Perhaps in some way I was the character Beatrice’s daughter Tillie in the play. Much of my caring and sympathy was much like Tillie. At the play’s beginning Tillie, in a voice-over, said: “He told me to look at my hand, for part of it came from a star that exploded too long ago to imagine. This part of me was formed from a tongue of fire that screamed through the heavens until there was our sun... This tiny part of me was on the sun when it itself exploded and whirled in a great storm until the planets came to be.”1
I was like Beatrice’s daughter Tillie, and I felt more that way as I got to know Helen. I saw beyond her, as she did, at the universe that seemed about to cave in on her. This play spoke to Helen. She identified herself with Beatrice.
I will never forget the opening night in the green room as she prepared to make her entrance. Tears came to our eyes as we hugged. I felt for her because I knew her husband and children were not present. Her husband felt that Helen should be at home, and even at one point, had given me an angry phone call saying that I was going to be the cause of a divorce.
I told Helen, “Break a leg” and went into the audience.
Tillie’s opening voice over echoed through the theater. And then, the curtain closed. I wondered what had happened, so I ran backstage and several of the techs were surrounding something on the floor. As I got closer, I saw Helen on the floor in the wing. She had been preparing to make her entrance. The stage manager went to a phone to call EMS.
But when the paramedics got there, all attempts to revive her failed. The stage manager went out in front of the curtain to say the play was cancelled. As for me, I cried like a baby as she was carried away. I was a lost child, and there were mirrors everywhere.
* * *
Helen’s husband approached me at the funeral, and said to me, angrily, “You see what you’ve done. She should have been at home with me and our children. Not some looney play.”
I left the funeral, barely able to hold back, and cried as I hadn’t done since I was a child.
* * *
About six weeks after Helen died, I was in my apartment and heard a little girl outside saying a strange rhyme. Curious, I went outside and saw the little blonde girl jumping rope. She was very good at it, and she stopped when she saw me, and said, “It’s not your fault.”

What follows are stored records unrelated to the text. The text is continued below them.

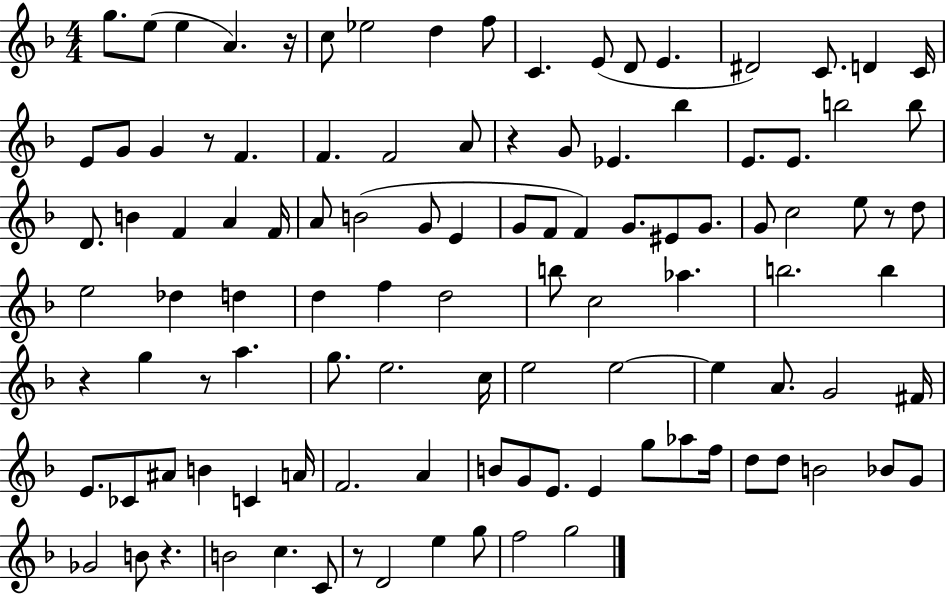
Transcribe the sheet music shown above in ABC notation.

X:1
T:Untitled
M:4/4
L:1/4
K:F
g/2 e/2 e A z/4 c/2 _e2 d f/2 C E/2 D/2 E ^D2 C/2 D C/4 E/2 G/2 G z/2 F F F2 A/2 z G/2 _E _b E/2 E/2 b2 b/2 D/2 B F A F/4 A/2 B2 G/2 E G/2 F/2 F G/2 ^E/2 G/2 G/2 c2 e/2 z/2 d/2 e2 _d d d f d2 b/2 c2 _a b2 b z g z/2 a g/2 e2 c/4 e2 e2 e A/2 G2 ^F/4 E/2 _C/2 ^A/2 B C A/4 F2 A B/2 G/2 E/2 E g/2 _a/2 f/4 d/2 d/2 B2 _B/2 G/2 _G2 B/2 z B2 c C/2 z/2 D2 e g/2 f2 g2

I didn’t know what she meant, and I asked her, “Who are you?”
She looked at me with a serious expression and said, “I am anyone and everyone, just like your hand.”
I thought of Zindel’s play, and for some reason, the little girl appeared to be someone I had always known and always will. There were mirrors everywhere.

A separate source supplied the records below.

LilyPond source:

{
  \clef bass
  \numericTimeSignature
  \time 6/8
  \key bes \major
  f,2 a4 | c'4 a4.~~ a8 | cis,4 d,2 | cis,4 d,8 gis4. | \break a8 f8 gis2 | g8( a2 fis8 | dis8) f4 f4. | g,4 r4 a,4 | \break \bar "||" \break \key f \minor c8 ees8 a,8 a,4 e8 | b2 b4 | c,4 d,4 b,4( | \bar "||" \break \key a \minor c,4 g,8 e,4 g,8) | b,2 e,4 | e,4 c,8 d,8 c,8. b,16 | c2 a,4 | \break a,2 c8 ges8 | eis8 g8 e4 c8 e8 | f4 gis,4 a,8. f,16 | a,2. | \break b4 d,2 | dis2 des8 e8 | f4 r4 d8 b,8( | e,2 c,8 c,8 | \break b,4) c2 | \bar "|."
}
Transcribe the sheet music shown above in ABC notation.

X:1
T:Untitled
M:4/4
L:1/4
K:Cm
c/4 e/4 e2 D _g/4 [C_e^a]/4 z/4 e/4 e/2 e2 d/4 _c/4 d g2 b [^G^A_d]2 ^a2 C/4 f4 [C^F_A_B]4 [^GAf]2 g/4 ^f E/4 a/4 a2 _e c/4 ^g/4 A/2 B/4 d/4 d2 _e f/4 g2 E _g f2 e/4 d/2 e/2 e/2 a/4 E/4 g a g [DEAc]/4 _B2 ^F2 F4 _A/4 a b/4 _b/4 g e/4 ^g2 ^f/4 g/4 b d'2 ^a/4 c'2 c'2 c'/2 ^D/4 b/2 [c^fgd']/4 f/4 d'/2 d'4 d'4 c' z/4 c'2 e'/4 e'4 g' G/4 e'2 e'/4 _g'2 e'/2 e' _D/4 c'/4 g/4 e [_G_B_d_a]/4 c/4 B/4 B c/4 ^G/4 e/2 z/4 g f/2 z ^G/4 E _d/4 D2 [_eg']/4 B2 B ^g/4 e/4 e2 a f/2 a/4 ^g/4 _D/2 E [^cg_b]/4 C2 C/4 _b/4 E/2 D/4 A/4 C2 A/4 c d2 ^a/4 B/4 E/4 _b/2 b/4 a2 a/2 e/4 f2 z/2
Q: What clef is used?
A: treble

I never saw the little girl again, and I cannot help thinking that she was Helen.
* * *
I am fearful that Helen wants to take me with her so that we can jump rope together. It seems appropriate that I go with her, just as she put her all into the play, and walk with the angels and hear them speak. I am happy and terrified at once, so you will understand when I disappear into that realm I spoke of with so much trepidation. It’s not easy to cross over.